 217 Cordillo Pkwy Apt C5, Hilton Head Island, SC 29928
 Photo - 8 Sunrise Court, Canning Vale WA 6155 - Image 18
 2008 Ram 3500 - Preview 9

...

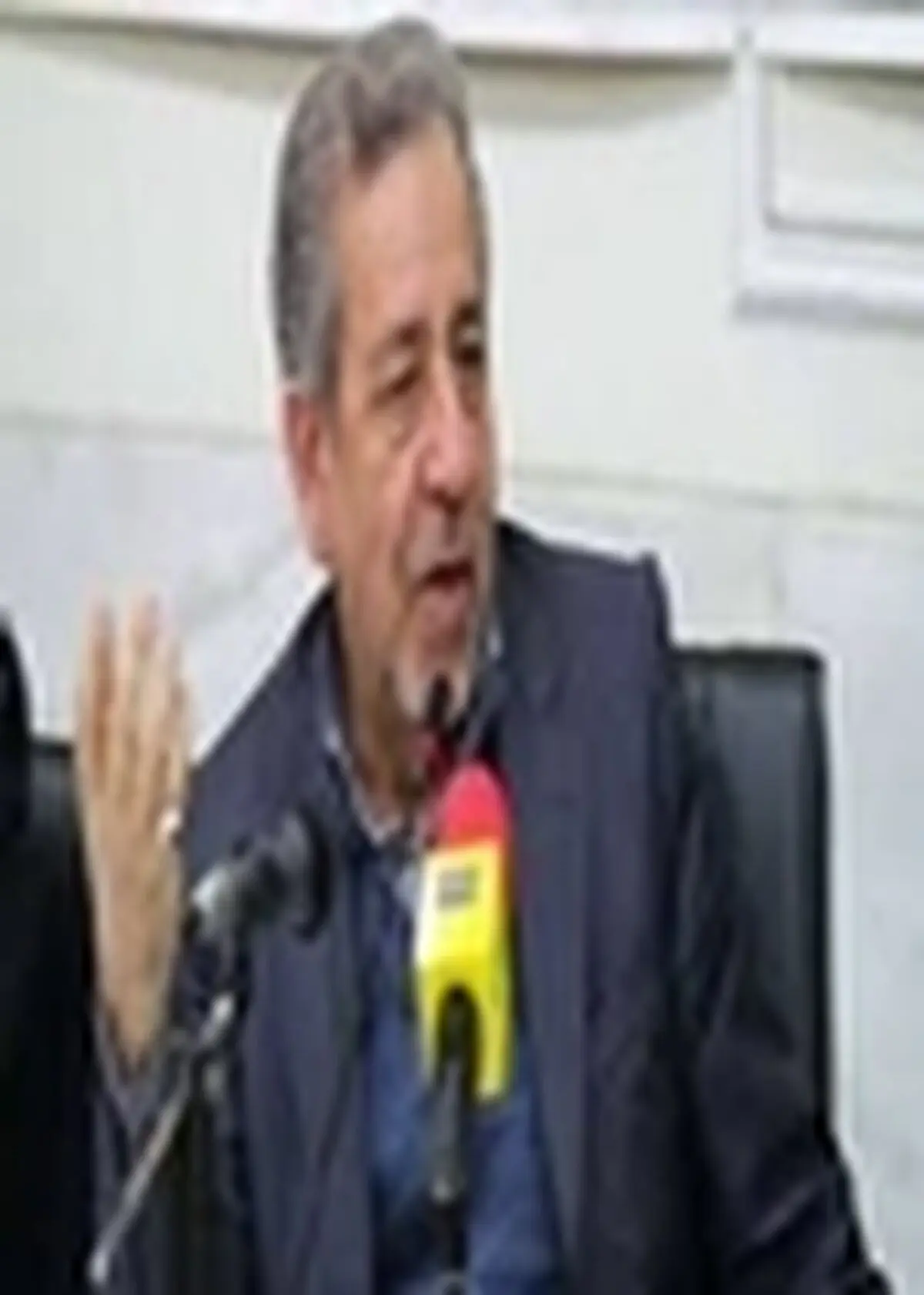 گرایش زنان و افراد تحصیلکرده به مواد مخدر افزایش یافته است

Task brief: Only the lines above from the line containing "217 Cordillo Pkwy" through the line containing "2008 Ram 3500 - Preview 9" should be retyped, exactly and with both ends included.

Task response:
 217 Cordillo Pkwy Apt C5, Hilton Head Island, SC 29928
 Photo - 8 Sunrise Court, Canning Vale WA 6155 - Image 18
 2008 Ram 3500 - Preview 9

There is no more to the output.